When it comes to choose a knife you want to have one that will last a lifetime… this comes down to what kind of metal you have in the knife.
You see, if you purchase a lower quality blade it can be susceptible to rust, breakage, flimsiness and inability to stay sharp. These are all things you want to avoid when it comes to a knife, because if your knives rust, then it is a serious health risk.
If your knife breaks, well then you have to get a new one… if it is flimsy or dull then you risk the cutting yourself and also ruining your food that you cut.
We will share with you some of the most common knife blade metals and the benefits along with consequences of each metal.
You can check out this awesome chart about knife metals.
The Best Knife Metals
1. 420 Stainless Steel
This is one of the most commonly used metals for knife blades because it is inexpensive, and is also a strong, durable metal.
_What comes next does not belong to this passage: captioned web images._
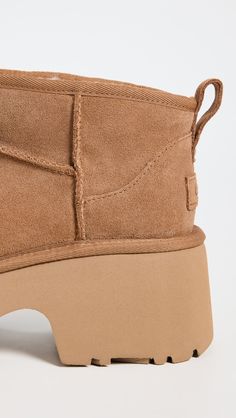 Cannot be shipped outside the USAUpper: Cowhide suedeChunky heelNo closure, pull-on designRound toeRubber soleImported, VietnamThis item cannot be gift-boxedStyle #UGGGG30296 Brown Ugg Boots, Chestnut Boots, Chestnut Uggs, Ugg Classic Ultra Mini, Ugg Classic, Platform Boots, Chunky Heel, Ugg Shoes, Suede Boots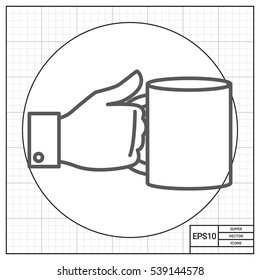 Hand holding mug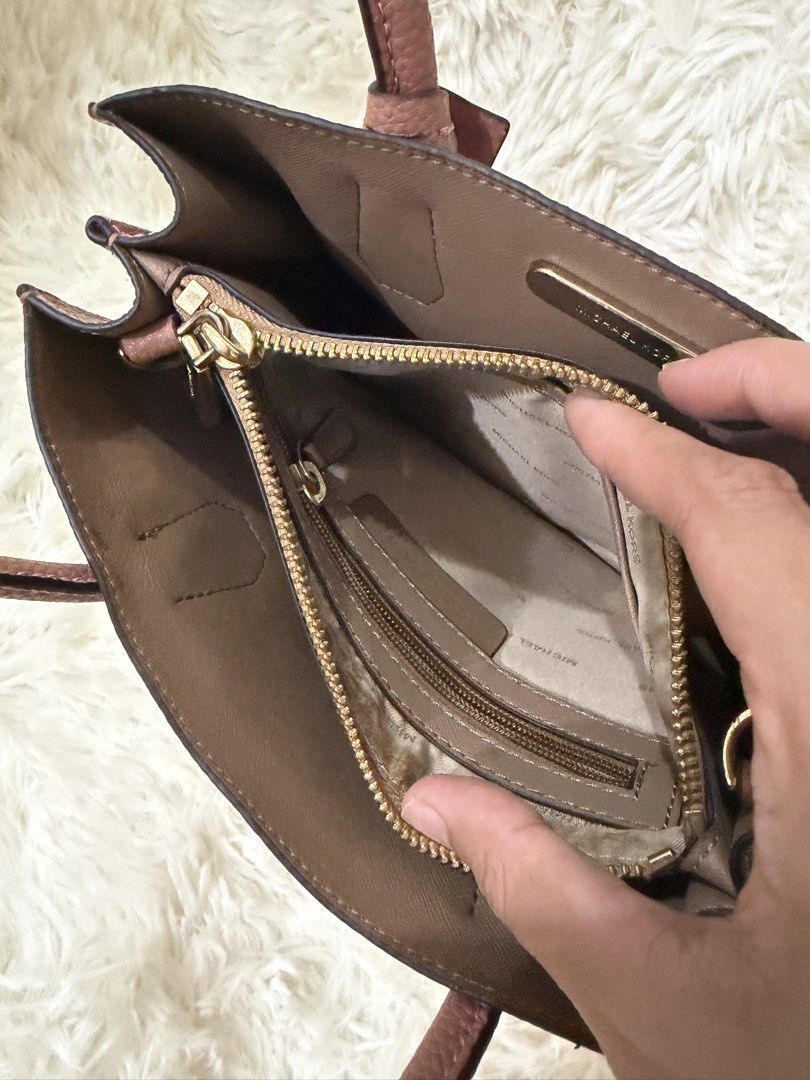 Michael Kors Pink Pebbled Leather Tote Bag (Category: Luxury Bags & Wallets) located in Cebu City. Submitted by myclosettoyours_cebu (Listing ID 1450916923, Image 3). Description: - Authentic Michael Kors tote bag - Lovely pink pebbled leather exterior Interior is still very clean. No strap included, lightly faded due to storage hence selling super low.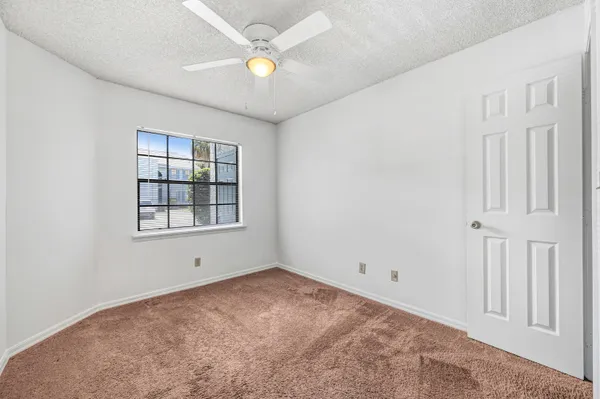 an empty room with windows and fan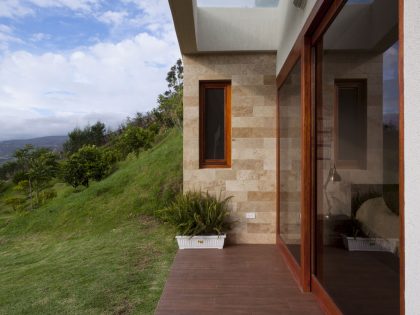 A Modern Concrete House Surrounded by a Green Roof and Basement Level in Guayllabamba, Ecuador by AR+C (6)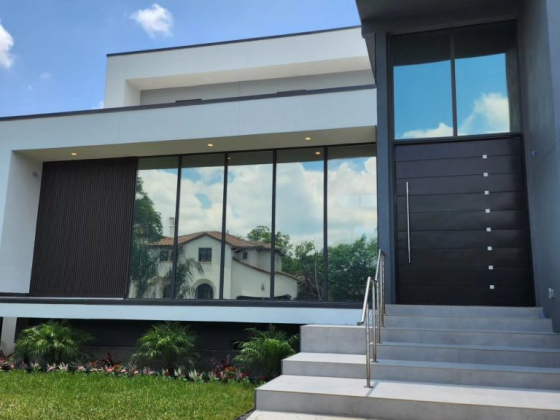 Contemporary house exterior with large glass windows and steps leading to entrance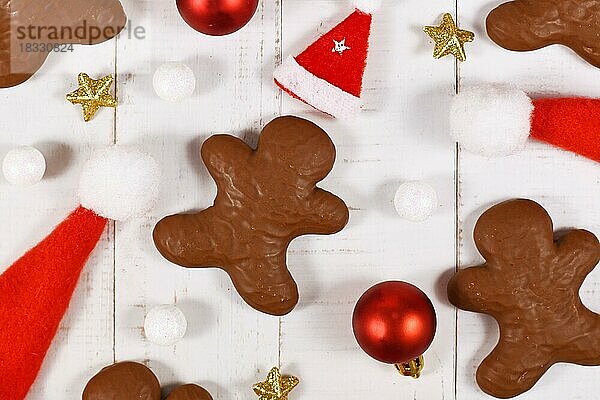 Mit Schokolade glasierte deutsche Lebkuchen in Form von Männern zwischen Weihnachtsdekoration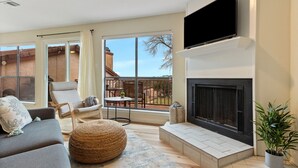 A modern living room with a fireplace, comfortable seating, and a large window offering a view of the outdoors. - Lake & Hill Country Views, 2 Master Suites, Pet Friendly, Deck w/ Grill (Canyon Lake)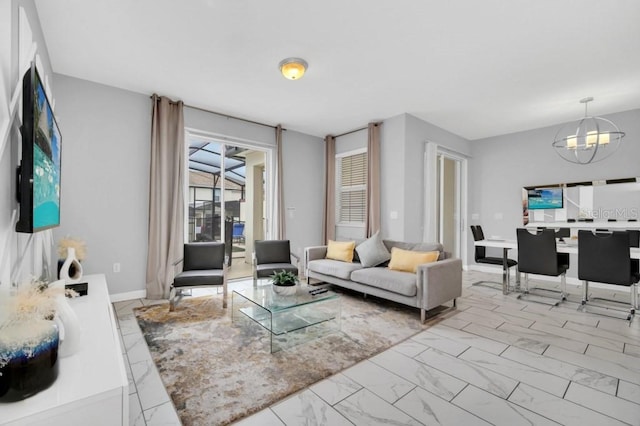 living area featuring marble finish floor, baseboards, and a chandelier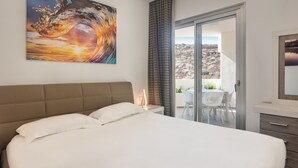 A bedroom with a large bed, a painting of a wave, a view of a desert landscape through a sliding door, and a small table with chairs. - Colinas - Tinerfe 1.1 NATURE RESERVE VIEW 2B (Arona)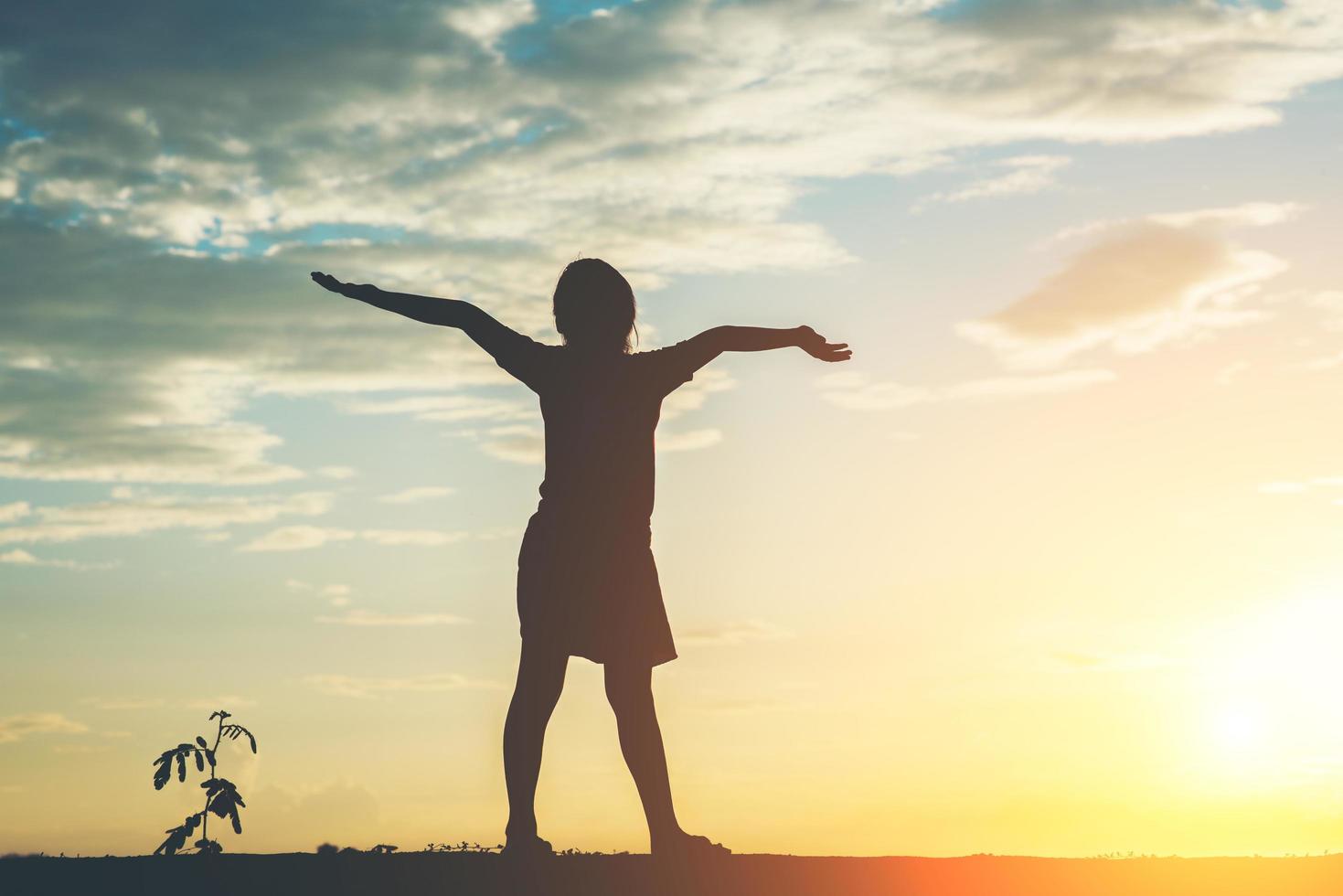 silhouette de petite fille levant les mains pour la liberté photo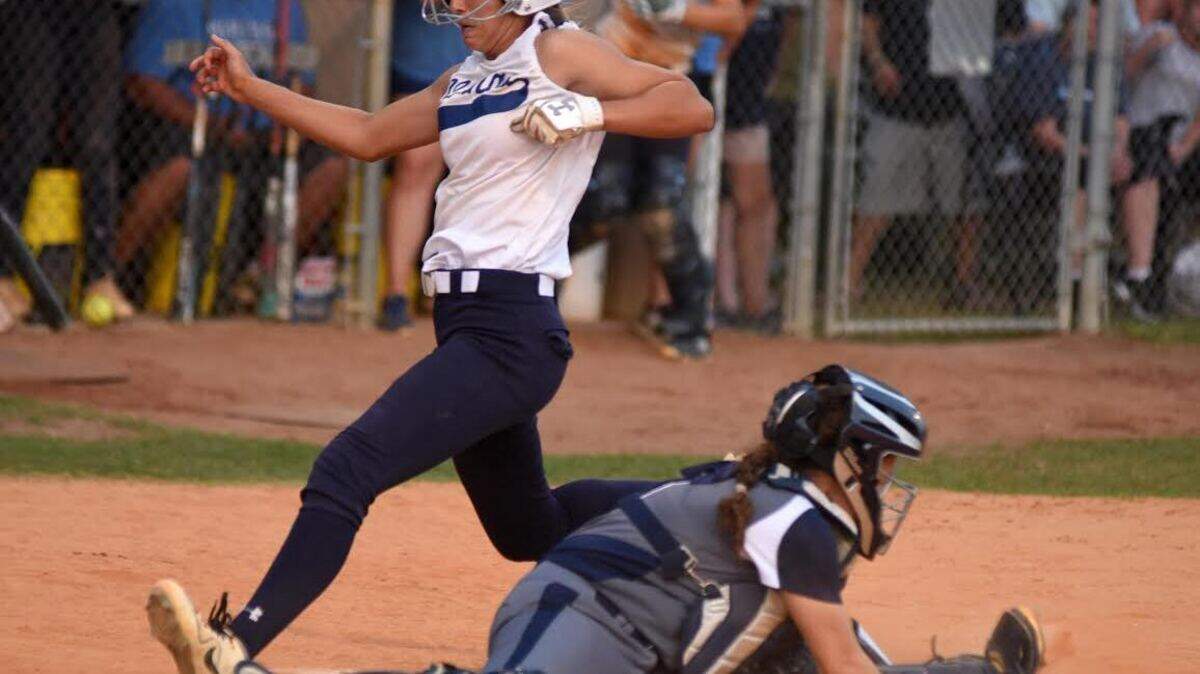 Hoggard’s Skyler Walker scores just before the throw to win 4-3 against Heritage in the eighth inning in game two of the east regional final in Wilmington, N.C., Thursday, May 23, 2019. [MATT BORN/STARNEWS]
With this in mind, they tend to be easy to reshape, along with the fact that they retain an edge for a fairly decent amount of time makes it a good quality metal.
On top of this, it has decent resistance against corrosion, which is a must because using a rusty blade is not safe at all.
The main downfall though is that since it is not a high quality blade metal, which means that if you want a high quality knife, you won’t get it with this blade metal.
2. CPM S30V®
This is an American made engineered metal and is known for its high quality. It has some of the best corrosion resistance on the market, because it is designed to work in almost any situation.
On top of that it has a very high blade retention which means if you sharpen it, it will stay sharp for a very long time, On the other hand though, this also means that it will be harder to sharpen because it is made to last and keep its edge… however that is a minor flaw.
Lastly, since it is a much higher quality knife blade, it can also boost the prices of the knives thus making them more expensive. However it is better to spend money a higher quality blade than a cheap blade.
This is the counterpart to the CPM S30V, it is a high quality steel that contains carbon along with high amounts of chromium, molybdenum and vanadium. Which pretty much means it has added in elements to make it stronger, and more durable.
The steel is double tempered which gives any knife with the S30V steel higher durability and sharpness.
On top of that it does come with a higher resistance to corrosion because it is double tempered, however like its counterpart the CPM S30V it does take more effort to sharpen because of how hard of a metal it is.
4. 440A High Carbon Stainless Steel
This is a very comment high carbon stainless steel that is especially used for sushi and sashimi knives. The reason that it is used for sushi and sashimi knives is because the high carbon keeps food from sticking to the blade.
On top of that it is able to keep an edge very well, but you do sacrifice corrosion resistance, so with these kind of knives you have to make sure that you wash/clean them and then dry right away.
5. Carbon V®
Last but certainly not least is the Carbon V… It is one of the best knife metals out there because it is a low alloy, steel that is superior to most steels due to its chemistry and the way it is made.
Carbon V® knives will last for a long time due to its toughness, however this does make it harder to sharpen the knife because it is so hard. But I think that is a minor flaw, because we would rather have a blade that will last a lifetime, than a knife that could potentially break or be dull all of the time.
On top of that, it will make the knives more expensive because Carbon V® is an extremely high quality knife metal, but this is easily compensated by how long your knife will last.